PROBLEM TO WORK ON
Look through the listing below for the line containing "A senior couple". Copy it and each line after it up to and including the line containing "(From right to", exactly, leaving out pictures.

DATA FOR THIS EXERCISE

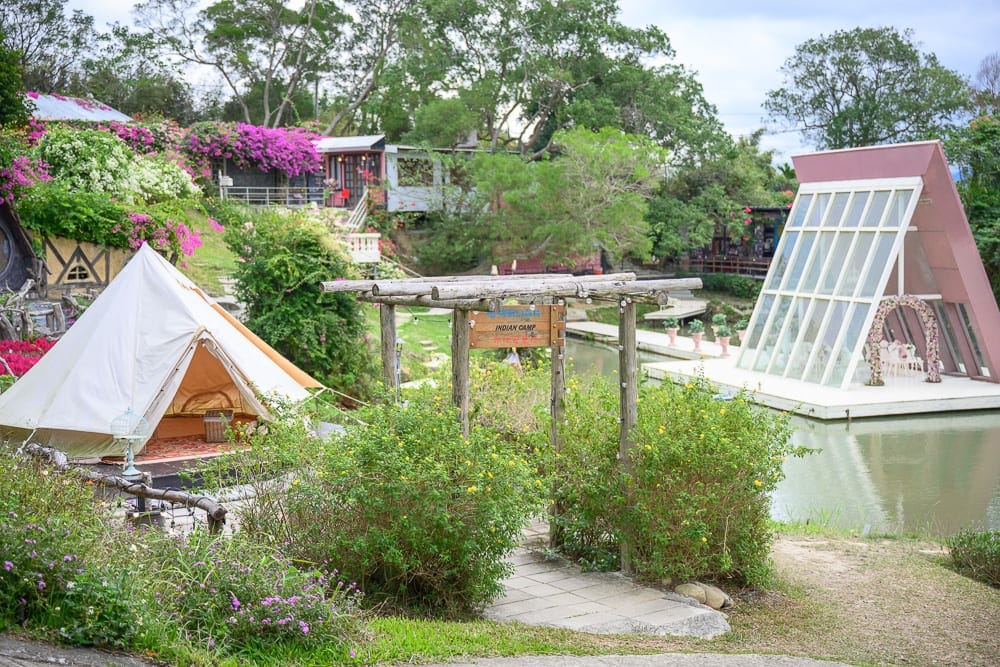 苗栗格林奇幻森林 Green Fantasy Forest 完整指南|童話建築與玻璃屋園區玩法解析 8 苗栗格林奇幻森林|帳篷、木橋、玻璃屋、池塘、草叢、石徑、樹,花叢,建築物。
...
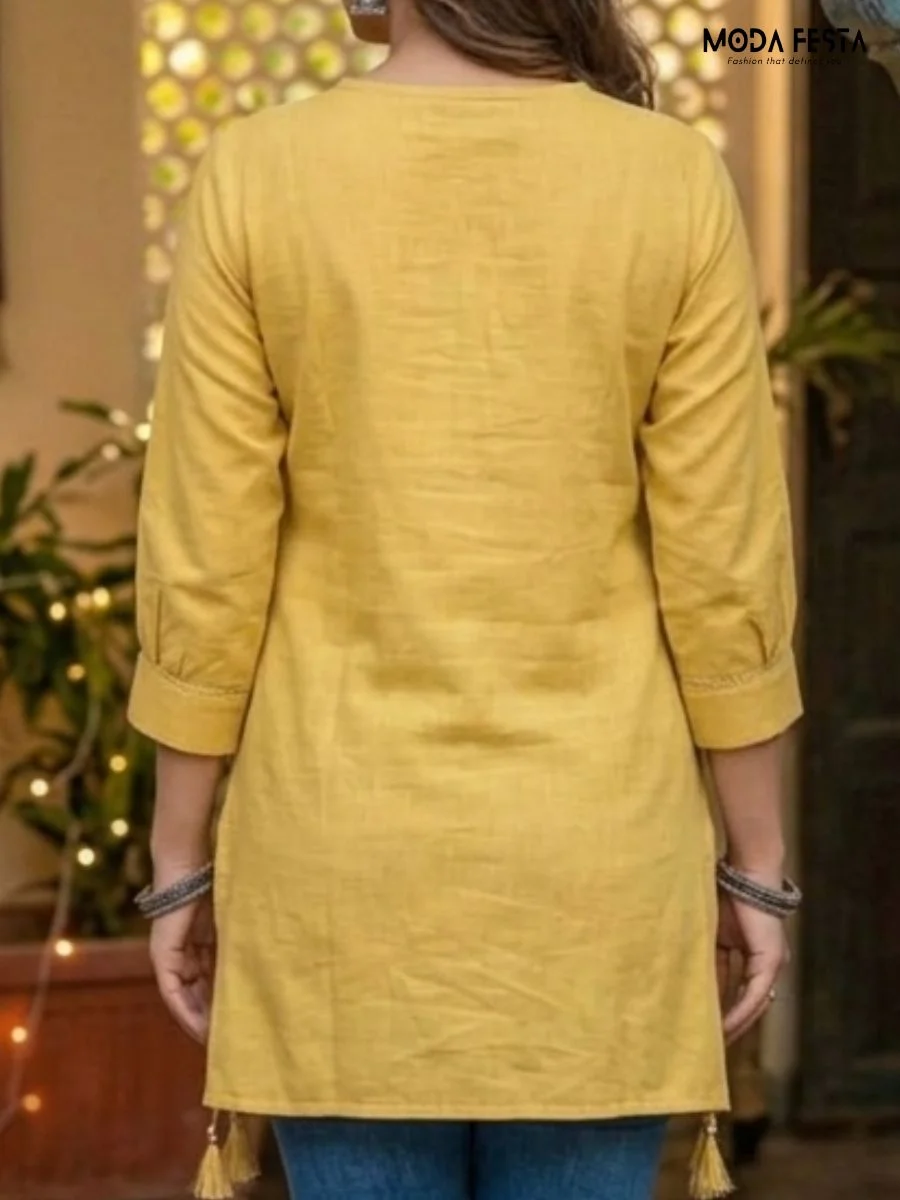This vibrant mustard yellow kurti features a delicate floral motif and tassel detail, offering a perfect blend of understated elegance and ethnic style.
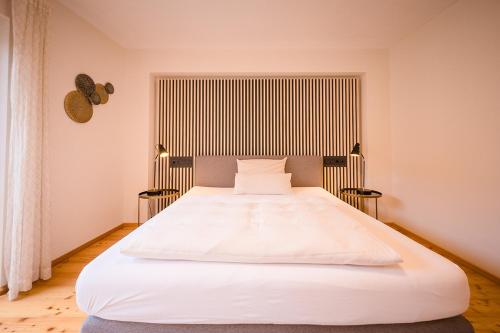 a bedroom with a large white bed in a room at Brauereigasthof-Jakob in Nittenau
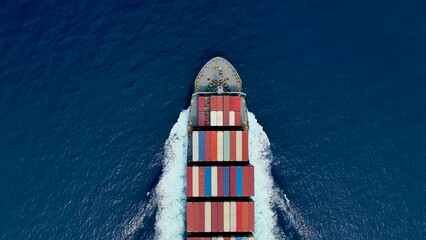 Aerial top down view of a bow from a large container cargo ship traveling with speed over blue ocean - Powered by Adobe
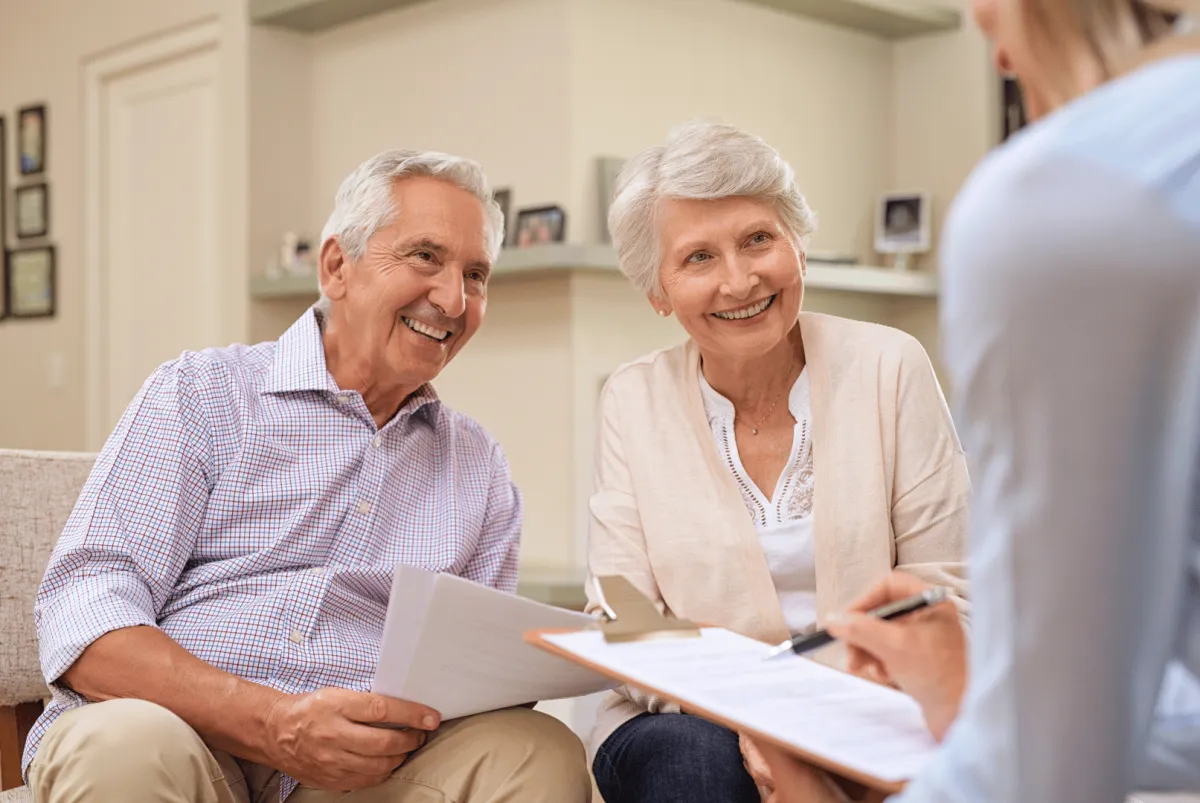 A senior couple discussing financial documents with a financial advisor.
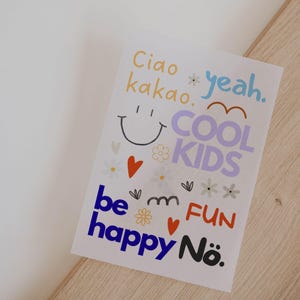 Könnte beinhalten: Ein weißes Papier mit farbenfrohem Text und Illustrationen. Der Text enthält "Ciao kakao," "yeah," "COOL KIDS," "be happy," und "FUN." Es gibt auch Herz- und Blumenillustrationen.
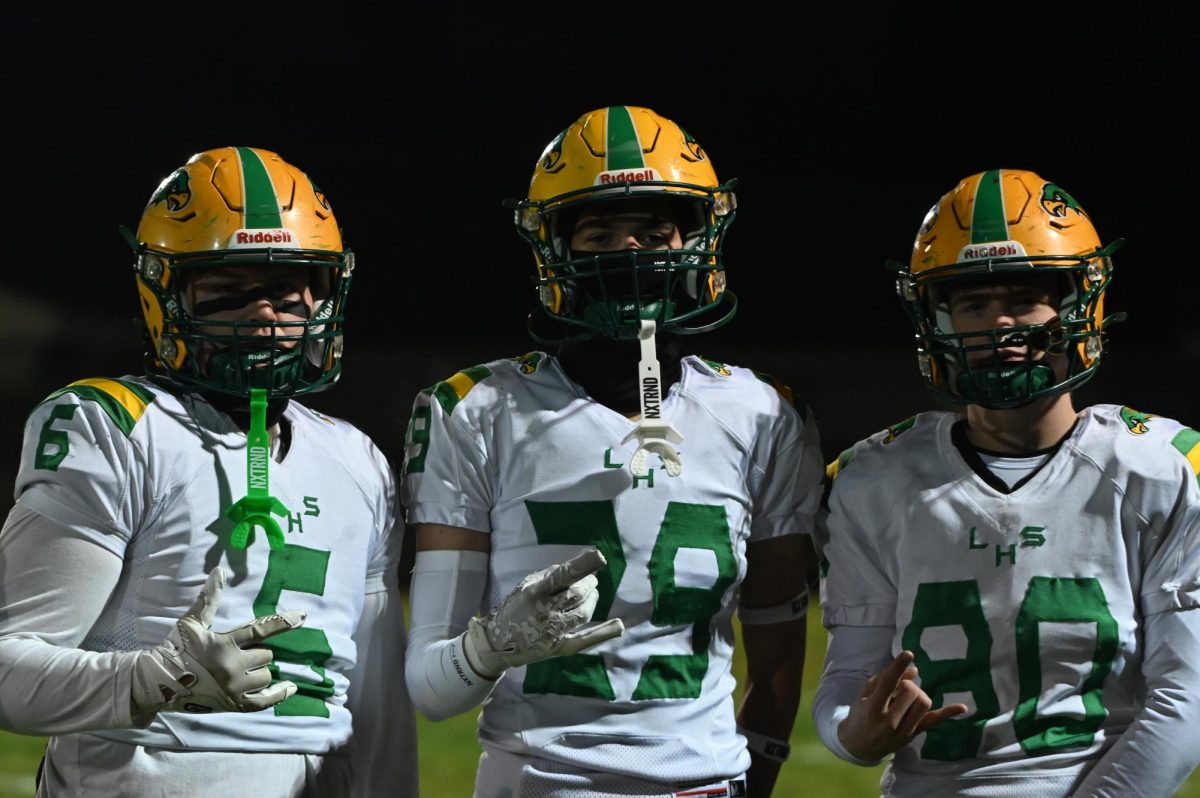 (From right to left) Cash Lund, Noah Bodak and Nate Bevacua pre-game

ANSWER TO THIS TASK
 A senior couple discussing financial documents with a financial advisor.
 Könnte beinhalten: Ein weißes Papier mit farbenfrohem Text und Illustrationen. Der Text enthält "Ciao kakao," "yeah," "COOL KIDS," "be happy," und "FUN." Es gibt auch Herz- und Blumenillustrationen.
 (From right to left) Cash Lund, Noah Bodak and Nate Bevacua pre-game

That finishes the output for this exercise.